→ EXERCISE:
Please tally the lines below that contain the word "Photo" and reply with the total alone.

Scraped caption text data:
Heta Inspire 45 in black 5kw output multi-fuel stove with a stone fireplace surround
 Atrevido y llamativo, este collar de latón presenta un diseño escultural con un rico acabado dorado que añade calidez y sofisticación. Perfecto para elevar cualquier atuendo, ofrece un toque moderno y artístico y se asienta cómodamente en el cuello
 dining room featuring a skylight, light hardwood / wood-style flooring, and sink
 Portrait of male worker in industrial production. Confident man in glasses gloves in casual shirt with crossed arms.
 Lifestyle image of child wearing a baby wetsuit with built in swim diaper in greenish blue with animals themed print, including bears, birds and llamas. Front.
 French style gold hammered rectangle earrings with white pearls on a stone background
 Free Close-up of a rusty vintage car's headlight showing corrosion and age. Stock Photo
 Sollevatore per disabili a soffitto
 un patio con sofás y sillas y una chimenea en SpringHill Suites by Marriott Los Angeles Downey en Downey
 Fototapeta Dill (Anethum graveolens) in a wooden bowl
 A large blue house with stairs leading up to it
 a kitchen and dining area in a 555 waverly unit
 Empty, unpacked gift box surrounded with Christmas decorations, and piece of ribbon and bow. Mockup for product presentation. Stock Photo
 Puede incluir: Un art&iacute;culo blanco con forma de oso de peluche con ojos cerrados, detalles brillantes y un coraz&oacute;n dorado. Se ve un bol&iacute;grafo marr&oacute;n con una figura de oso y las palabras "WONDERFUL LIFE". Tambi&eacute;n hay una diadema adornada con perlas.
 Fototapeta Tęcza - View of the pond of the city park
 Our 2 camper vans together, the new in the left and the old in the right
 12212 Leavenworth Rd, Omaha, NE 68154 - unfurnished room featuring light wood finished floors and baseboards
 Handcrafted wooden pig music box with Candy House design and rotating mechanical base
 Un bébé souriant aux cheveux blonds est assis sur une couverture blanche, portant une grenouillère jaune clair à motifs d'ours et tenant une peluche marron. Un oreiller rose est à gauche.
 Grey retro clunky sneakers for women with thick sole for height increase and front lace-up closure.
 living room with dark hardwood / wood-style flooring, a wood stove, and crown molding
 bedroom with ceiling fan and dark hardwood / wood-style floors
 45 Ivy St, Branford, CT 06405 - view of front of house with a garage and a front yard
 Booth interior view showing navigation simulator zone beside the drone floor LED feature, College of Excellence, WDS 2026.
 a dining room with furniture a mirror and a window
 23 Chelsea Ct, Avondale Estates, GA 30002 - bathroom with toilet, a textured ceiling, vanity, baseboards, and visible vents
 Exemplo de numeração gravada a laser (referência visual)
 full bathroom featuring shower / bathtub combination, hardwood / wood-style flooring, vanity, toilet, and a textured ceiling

→ REPLY TO THE EXERCISE:
2